The Veterans of the Abraham Lincoln Brigade (properly speaking, a “Batallion,” but hardly anyone remembers the fine point of sematics) have been Bermack’s favorite subject over the years, and with good reason. They sum up, in their extraordinary courage (many of their relatives would have said foolhardiness) and self-sacrifice, the internationalism of the 1930s radical generation. Most of them might rather have fought the capitalist class almost anywhere than struggling to hold onto “bourgeois democracy” against a threatening fascist offensive in Europe, but they did not choose their own turf. It chose them.
Once committed, they did not look back. That the Soviet leaders and the Comintern should have been more democratic and more revolutionary, less authoritarian and downright hypocritical, most of the survivors (not all) would not freely admit. But their own behavior, with few exceptions, was exemplary. And it’s true, as we historians look back at the 1930s, that, if Franco had been defeated, if the fascist advance had been halted, then the Second World War would, at a minimum, have taken a different course in its first years. Arguably, the Holocaust could have been prevented. And in the last years of war, the Truman administration’s alliance with fascist collaborators from France to Spain to Greece and far beyond would have been harder to pull off. We might have had a different world.

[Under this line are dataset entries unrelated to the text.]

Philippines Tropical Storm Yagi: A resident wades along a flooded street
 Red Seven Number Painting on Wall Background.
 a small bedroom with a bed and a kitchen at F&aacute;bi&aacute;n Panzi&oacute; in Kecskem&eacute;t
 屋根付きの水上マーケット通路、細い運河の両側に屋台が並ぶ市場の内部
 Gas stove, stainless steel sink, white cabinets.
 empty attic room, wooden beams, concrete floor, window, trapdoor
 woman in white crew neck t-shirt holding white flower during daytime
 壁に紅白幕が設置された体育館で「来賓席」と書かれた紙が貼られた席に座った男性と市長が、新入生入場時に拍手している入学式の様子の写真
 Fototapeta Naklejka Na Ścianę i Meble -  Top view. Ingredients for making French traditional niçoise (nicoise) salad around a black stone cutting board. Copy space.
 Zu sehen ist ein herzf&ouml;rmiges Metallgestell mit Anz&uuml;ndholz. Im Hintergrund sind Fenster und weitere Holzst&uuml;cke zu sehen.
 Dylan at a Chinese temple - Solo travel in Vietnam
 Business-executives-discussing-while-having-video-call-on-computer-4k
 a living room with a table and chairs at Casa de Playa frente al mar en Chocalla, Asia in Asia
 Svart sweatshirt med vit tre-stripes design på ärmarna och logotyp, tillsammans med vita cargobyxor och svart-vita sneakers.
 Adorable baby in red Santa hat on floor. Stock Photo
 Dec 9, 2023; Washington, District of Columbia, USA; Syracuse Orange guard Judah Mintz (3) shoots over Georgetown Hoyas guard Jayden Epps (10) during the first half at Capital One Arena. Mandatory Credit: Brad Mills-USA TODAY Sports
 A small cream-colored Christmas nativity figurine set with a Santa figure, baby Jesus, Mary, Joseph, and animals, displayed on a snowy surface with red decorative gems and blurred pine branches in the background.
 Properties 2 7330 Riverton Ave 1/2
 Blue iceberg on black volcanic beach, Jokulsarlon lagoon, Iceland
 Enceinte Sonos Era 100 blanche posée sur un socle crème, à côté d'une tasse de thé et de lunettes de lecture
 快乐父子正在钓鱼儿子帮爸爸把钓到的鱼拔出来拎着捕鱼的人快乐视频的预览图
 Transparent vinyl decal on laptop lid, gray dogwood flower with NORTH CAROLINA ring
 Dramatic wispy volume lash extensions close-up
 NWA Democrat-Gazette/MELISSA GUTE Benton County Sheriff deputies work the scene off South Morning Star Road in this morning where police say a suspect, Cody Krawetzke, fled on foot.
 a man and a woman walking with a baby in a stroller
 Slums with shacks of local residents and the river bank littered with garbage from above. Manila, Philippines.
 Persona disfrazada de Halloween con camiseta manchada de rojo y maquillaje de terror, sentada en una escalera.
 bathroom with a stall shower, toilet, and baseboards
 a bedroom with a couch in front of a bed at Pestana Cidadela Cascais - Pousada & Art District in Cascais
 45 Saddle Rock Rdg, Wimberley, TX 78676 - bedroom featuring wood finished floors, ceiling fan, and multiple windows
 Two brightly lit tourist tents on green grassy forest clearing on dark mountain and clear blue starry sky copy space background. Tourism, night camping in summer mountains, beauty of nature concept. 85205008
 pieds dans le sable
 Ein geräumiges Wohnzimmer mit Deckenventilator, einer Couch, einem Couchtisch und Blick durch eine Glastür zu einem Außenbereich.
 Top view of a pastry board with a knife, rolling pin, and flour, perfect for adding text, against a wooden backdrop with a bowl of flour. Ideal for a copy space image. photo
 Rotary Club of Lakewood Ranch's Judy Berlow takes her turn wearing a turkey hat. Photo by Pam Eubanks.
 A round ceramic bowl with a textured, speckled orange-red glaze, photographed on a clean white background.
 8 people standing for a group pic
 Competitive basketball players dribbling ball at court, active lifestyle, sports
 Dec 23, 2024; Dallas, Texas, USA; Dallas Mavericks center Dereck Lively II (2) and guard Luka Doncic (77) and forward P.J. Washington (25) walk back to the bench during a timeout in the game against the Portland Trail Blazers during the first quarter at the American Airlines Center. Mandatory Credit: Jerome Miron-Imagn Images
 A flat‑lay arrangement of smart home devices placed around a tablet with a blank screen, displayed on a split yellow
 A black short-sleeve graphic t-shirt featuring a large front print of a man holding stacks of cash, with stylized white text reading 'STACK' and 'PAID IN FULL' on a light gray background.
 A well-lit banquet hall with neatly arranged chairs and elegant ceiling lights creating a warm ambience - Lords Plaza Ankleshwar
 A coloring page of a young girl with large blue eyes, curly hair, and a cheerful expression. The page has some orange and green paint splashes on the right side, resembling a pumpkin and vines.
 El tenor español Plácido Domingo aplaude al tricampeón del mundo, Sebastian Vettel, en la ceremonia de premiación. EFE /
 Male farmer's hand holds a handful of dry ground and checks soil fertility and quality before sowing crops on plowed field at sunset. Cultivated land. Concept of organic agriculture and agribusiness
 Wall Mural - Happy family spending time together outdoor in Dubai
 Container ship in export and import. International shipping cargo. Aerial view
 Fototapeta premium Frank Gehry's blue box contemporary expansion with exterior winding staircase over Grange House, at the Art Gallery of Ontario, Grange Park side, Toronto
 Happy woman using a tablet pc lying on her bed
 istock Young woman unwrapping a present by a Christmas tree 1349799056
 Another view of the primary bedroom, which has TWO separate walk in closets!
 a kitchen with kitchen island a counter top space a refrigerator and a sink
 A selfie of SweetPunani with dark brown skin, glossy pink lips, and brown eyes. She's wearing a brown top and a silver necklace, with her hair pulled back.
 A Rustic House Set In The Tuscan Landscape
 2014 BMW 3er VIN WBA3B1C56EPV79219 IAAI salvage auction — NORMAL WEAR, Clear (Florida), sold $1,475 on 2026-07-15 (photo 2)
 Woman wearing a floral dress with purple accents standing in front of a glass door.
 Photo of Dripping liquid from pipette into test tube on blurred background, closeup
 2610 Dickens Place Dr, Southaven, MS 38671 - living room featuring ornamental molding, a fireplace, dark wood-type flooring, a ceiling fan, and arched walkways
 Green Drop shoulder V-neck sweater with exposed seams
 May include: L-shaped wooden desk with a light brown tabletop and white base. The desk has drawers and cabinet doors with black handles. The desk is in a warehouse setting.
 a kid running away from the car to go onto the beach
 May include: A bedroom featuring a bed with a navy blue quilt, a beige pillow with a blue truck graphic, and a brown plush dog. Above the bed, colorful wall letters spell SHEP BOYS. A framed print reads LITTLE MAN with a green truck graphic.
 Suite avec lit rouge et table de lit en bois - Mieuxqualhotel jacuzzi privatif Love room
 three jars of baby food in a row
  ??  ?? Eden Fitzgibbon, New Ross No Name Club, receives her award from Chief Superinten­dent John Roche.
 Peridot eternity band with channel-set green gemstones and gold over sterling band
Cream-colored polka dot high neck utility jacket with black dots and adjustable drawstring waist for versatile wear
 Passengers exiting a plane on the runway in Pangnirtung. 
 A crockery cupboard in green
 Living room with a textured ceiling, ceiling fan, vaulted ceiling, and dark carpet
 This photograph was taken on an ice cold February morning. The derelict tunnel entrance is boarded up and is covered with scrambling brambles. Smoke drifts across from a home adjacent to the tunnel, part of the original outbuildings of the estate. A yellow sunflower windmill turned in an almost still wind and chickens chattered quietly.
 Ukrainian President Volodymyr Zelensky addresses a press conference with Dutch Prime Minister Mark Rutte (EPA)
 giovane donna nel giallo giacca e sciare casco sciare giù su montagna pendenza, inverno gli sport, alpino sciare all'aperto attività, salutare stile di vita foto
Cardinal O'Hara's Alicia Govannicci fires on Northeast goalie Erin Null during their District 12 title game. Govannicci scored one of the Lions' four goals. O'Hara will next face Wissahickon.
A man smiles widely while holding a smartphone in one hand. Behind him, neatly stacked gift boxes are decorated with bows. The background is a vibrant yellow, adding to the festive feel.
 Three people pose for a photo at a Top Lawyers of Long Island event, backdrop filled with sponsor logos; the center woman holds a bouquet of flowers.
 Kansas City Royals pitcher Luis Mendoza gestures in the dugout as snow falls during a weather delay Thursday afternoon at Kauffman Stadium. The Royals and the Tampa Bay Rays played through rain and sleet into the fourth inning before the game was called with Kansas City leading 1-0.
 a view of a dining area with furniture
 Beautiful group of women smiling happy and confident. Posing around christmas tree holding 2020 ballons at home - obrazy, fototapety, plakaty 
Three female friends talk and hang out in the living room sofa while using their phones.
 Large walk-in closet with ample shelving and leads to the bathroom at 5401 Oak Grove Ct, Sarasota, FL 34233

Bermack employs photo archives of the “Abes” (as they are often called by the inner circle) as youths, along with his own photos of them in later years, to show what they were and what they became. The brave faces look out at us twice over, each one heroic. Some precious old literary documents, from the poems of Mike Quin to the poetry of Edwin Rolfe, decorate the pages.
From one standpoint, it is a superb oral history, because Bermack is so attentive to the memories. If oral history is inevitably (despite many hopes of oral historians after “facts”) about states of mind in the present, Bermack records the subsequent shocks, from repression at home to the Khruschev Revelations, as part of the life story. What comes out in the end — and it’s a very long ending, because the ALB veterans were active throughout the 1960s, closing out their political lives only when they died or became too infirm to join a picket line — is no political orthodoxy, but pure courage.
Whoever has met these folks in later years (years that extend through my own political lifetime) will likely shed a silent tear while leafing through these pages. With them, a generation passes. But thanks to Richard Bermack, they did not pass unseen or unheard.
Paul Buhle, currently a lecturer in history and American civilization at Brown University, is author or editor of twenty-seven books on radicalism, labor, and popular culture, including five volumes on the films of the Hollywood blacklistees. Most recently, he coedited Wobblies: A Graphic History (2005) and The New Left Revisited (2003), winner of an American Library Association’s Choice Academic Book Award. He has written for The Nation, Times Higher Education Supplement, The Guardian, and the Journal of American History, among others. He founded the journal Radical America (1967-95), the Oral History of the American Left project (New York University), and the Community and Labor Oral History project of Rhode Island.